We regularly engage in third-party environmental audits. Each report gives a chance to seek further savings—not just to meet certification, but as a matter of pride among the factory team. From experience, safe and clean production supports good staff morale and cuts avoidable downtime.
Even after years in the business, challenges keep us sharp. Fluctuations in corn prices can raise input costs overnight, while unpredictable weather patterns disrupt logistics or fermentation yields. We have faced shipment delays caused by port closures, or quality issues from a batch of substandard glucose. Solving these meant tightening supplier checks, bringing logistics in house, and investing more in process automation to keep quality steady.

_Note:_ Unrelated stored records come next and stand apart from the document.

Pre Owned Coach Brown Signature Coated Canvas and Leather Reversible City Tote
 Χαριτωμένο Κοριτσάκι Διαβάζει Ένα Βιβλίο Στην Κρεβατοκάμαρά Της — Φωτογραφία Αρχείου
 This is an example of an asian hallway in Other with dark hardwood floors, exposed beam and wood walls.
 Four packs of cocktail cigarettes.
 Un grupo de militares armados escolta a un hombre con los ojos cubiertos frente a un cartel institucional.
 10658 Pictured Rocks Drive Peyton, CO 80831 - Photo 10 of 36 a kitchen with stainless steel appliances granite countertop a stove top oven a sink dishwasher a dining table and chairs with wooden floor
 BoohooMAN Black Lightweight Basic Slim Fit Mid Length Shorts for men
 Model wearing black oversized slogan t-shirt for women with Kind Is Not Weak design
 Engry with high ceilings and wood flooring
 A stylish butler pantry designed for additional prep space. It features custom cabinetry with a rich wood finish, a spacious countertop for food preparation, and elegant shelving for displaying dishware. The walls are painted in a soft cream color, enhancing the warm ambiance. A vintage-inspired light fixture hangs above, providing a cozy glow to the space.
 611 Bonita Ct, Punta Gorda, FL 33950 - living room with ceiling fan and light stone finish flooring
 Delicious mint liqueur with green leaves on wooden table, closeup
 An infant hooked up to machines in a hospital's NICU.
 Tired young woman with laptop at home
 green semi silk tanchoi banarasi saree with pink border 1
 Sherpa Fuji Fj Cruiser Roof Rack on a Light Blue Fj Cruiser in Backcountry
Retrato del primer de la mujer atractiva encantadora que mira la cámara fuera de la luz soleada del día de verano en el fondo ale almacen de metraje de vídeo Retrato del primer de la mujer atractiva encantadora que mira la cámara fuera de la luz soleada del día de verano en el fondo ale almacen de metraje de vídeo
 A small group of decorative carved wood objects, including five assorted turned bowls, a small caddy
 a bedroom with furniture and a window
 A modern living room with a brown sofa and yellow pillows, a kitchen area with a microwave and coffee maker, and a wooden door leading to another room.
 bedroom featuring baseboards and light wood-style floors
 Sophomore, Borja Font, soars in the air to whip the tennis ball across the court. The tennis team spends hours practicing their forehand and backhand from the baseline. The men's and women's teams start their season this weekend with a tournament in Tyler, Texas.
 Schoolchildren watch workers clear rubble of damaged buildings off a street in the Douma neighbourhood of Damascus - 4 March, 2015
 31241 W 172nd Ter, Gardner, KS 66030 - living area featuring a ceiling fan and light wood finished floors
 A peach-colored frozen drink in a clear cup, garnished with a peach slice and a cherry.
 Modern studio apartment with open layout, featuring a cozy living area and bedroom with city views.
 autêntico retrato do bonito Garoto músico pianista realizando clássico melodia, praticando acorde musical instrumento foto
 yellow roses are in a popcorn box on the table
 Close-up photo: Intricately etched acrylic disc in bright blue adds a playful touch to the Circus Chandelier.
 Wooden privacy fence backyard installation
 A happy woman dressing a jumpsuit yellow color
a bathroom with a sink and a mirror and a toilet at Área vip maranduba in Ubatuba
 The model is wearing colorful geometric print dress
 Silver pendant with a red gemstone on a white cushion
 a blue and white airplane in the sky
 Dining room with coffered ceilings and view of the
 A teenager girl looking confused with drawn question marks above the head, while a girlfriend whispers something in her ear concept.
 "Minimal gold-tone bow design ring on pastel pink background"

Taste is another battleground. In early days, we struggled to match erythritol’s sweetness profile across batches, leading to unhappy customers and wasted product. Tuning fermentation strains and post-processing brought flavor into line. Now, we include regular feedback cycles with key clients, so changes in sweetness or crystallization get caught fast.
Consumer confusion about sweeteners arises frequently—many don’t know the difference between erythritol and artificial options, or they read alarming news headlines about sugar alcohol safety. We respond by ramping up science-based communication, sharing technical data and honest answers to questions about metabolism, blood sugar, and application.
Each innovation run starts with buyer feedback and ends with a better product. Particle size improvement is one example: our trials led to a “superfine” range for instant-dissolve drinks and coating syrups, cutting out hours of frustrating mixing time for customers. For bakers, we’ve created custom milling profiles to match blends used in gluten-free and keto lines, ensuring moisture balance and even rise in every loaf or cake.
Blending erythritol with monk fruit or stevia extracts opens new flavor and sweetness possibilities. Early feedback from food startups showed some blends left an aftertaste or didn’t behave as well in batter; we learned to fine-tune blend ratios and quality control at the mill. Collaborations with food labs, nutritionists, and culinary schools keep ideas flowing and innovation rooted in real kitchen and factory challenges.
Lowering environmental footprint is the next area of growth. We are developing enzyme engineering tools that cut waste in the fermentation process. Switching some plant energy needs away from fossil fuels and into renewables keeps emissions down. Improving packaging for shipping long distances by weight reduction and compacting also adds up to less fuel per kilogram.
Sugar alternatives come and go, but erythritol shows resilience because of its well-documented safety, reliable supply chain, and flexibility across applications. Our work proves erythritol delivers tangible benefits, from taste and calorie reduction to easy handling in both home and industrial settings. Over decades of meeting end-users, food innovators, retailers, and casual bakers, the common theme centers on trust—trust that each kilogram matches what the label says, and that the product will perform as expected in every recipe or blend.
Every batch carries a legacy of technical refinement and honest communication. Standing behind erythritol as a producer means facing problems directly and fixing them fast. The real-world experience of managing variables—raw inputs, live fermentation, complex regulatory standards, and environmental impacts—writes every line of our process and philosophy. Erythritol embodies both technical achievement and everyday utility.
Behind every bag or drum of erythritol, there’s a manufacturing team balancing precise process, raw material supply, and customer demand. Experience, transparency, and a commitment to improvement define what comes off our production line. As market needs change, the bedrock of quality, science, and reliable delivery keeps erythritol a steady presence from our shop floor to your mixing bowl or factory line.